As a generic bitset type, however, this STL template isn't necessarily mean to model sets of integers. An std::bitset
is primarily a set of bits (e.g., flags on/off, etc.)
Using std::bitset
to model a set of integers could be a matter of convenience given its compact runtime footprint. Also, the ability to load it from, unload it to an unsigned number.
Unfortunately, for those scenarios where std::bitset
is a smart choice to represent sets of integers, the type provides no iterators. There's no convenience way to retrieve just the bits that are on (or, conversely, the ones off) other than just visit all bits and test their statuses.
This header-only template library closes such gap.
Given a bitset, imagine that you just need to print indices for bits that are on.
#include "bitset/bitset_iter.h"
int main()
{
std::bitset<10> my_set_of_integers{ 0b10110010 };
std::cout << "Indices \"ON\" are";
for (const auto& index : bitset::indices_on(my_set_of_integers)) {
std::cout << ' ' << index;
}
std::cout << std::endl;
}
This code outputs
Indices "ON" are 1 4 5 7
You could have still got the same without this library:
int main()
{
std::bitset<10> my_set_of_integers{ 0b10110010 };
std::cout << "Indices \"ON\" are";
for (auto index = 0; index < 10; ++index) {
if (my_set_of_integers[index]) {
std::cout << ' ' << index;
}
}
std::cout << std::endl;
}
No big deal! It's just that when you find yourself doing this same iterate-by-testing-and-if-true-do-something ceremony over and over, you start wondering whether that could be encapsulated in a reusable iterator. Such iterator skips indices you aren't interested, only giving you the ones you care.

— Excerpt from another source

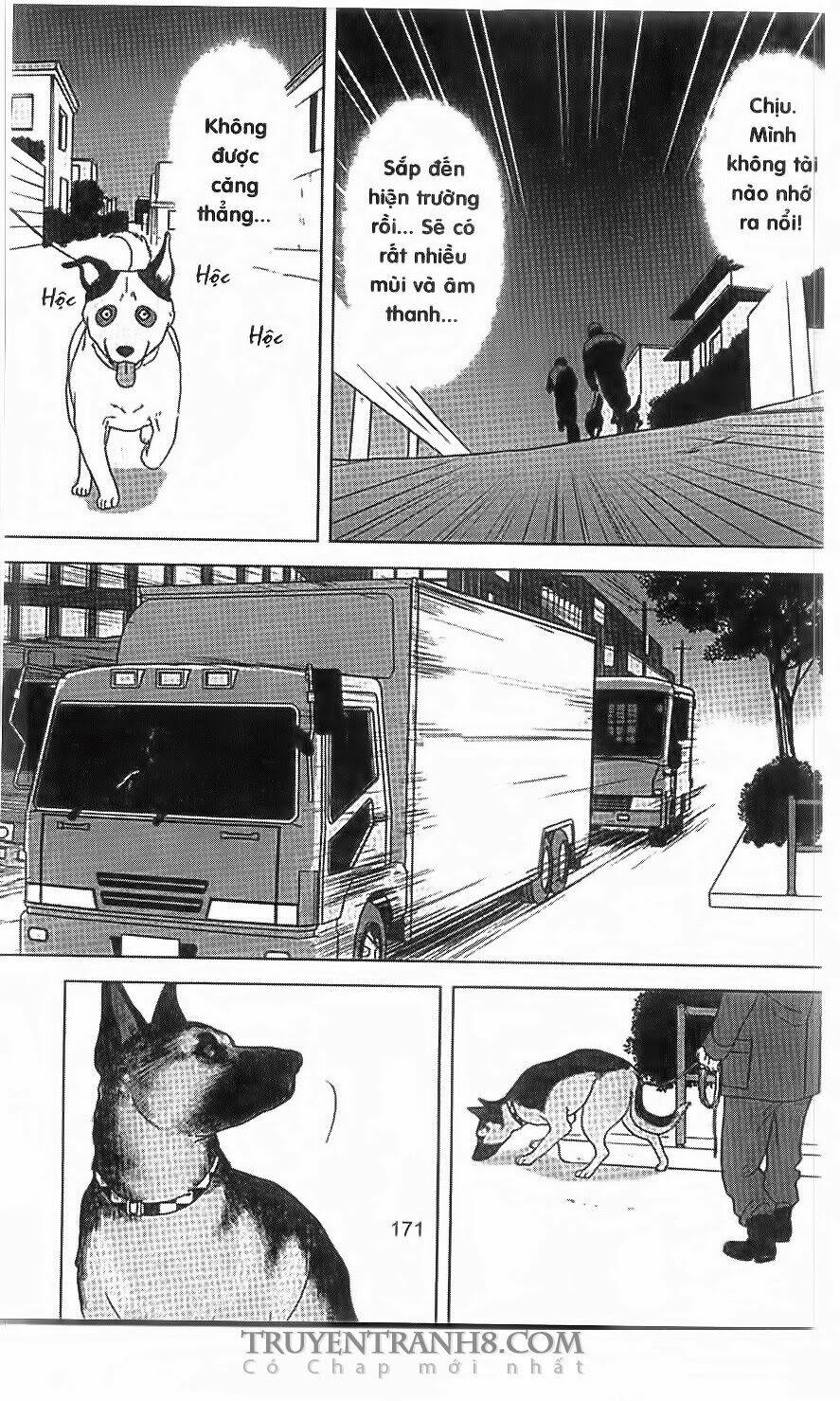 nữ thanh tra cún con chapter 39 18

This library primarily provides two main functions: bitset::indices_on(std::bitset<N>)
and bitset::indices_off(std::bitset<N>)
.
indices_on
returns an iterator over all bits set to on. indices_off
returns an iterator over all bits set to off.
Notice that, given an std::bitset some_bitset
, iterators indices_on(some_bitset)
and indices_off(~some_bitset)
produce the same indices when dereferenced.
Ideally, you shouldn't deal with the iterator yourself. Just call either of these functions in a range-based for loop. This kind of loop uses the iterator internally so you'll be OK.
This is a header-only template library. Just get a copy of src/bitset_iter.h
and place it handy in your project.
I suggest you to create a bitset directory (e.g., your_project/third_party/bitset
). Then, add that route to the --include-directory=<path>
flag (-I <path>
for short).
You won't miss so much. But if you needed to iterate over all bits on (or, conversely, off) of a bitset, if at all, you'd be on your own. That's what it happened to me so frequently that I decided to create this library.
It's about the same. Under the hood, it visits all indices, discarding the ones that don't matter. If you don't have to do that check in your own code, it's because it's happening under the hood. Not that it's not happening anymore. Yet, your code becomes concise and also elegant: stack up against the range-based for loop, the traditional for loop looks... prehistoric rather than traditional.
Good thing about C++ Templates and Function Templates is that they only affect the footprint when they are used.
The iterator type is really lightweight and optimized. It keeps a reference to the original bitset unless the original bitset is a volatile R-value. Before an R-value, the iterator keeps a copy of the original bitset.
As told above, the iterator keeps a reference to the bitset if this is an L-value. As a consequence of this, any change to the original bitset will be taken into account by the iterator.
Imagine, for example, that the process has two threads. In one thread, we start iterating over the bits set to on for a bitset whose 10th bit is on.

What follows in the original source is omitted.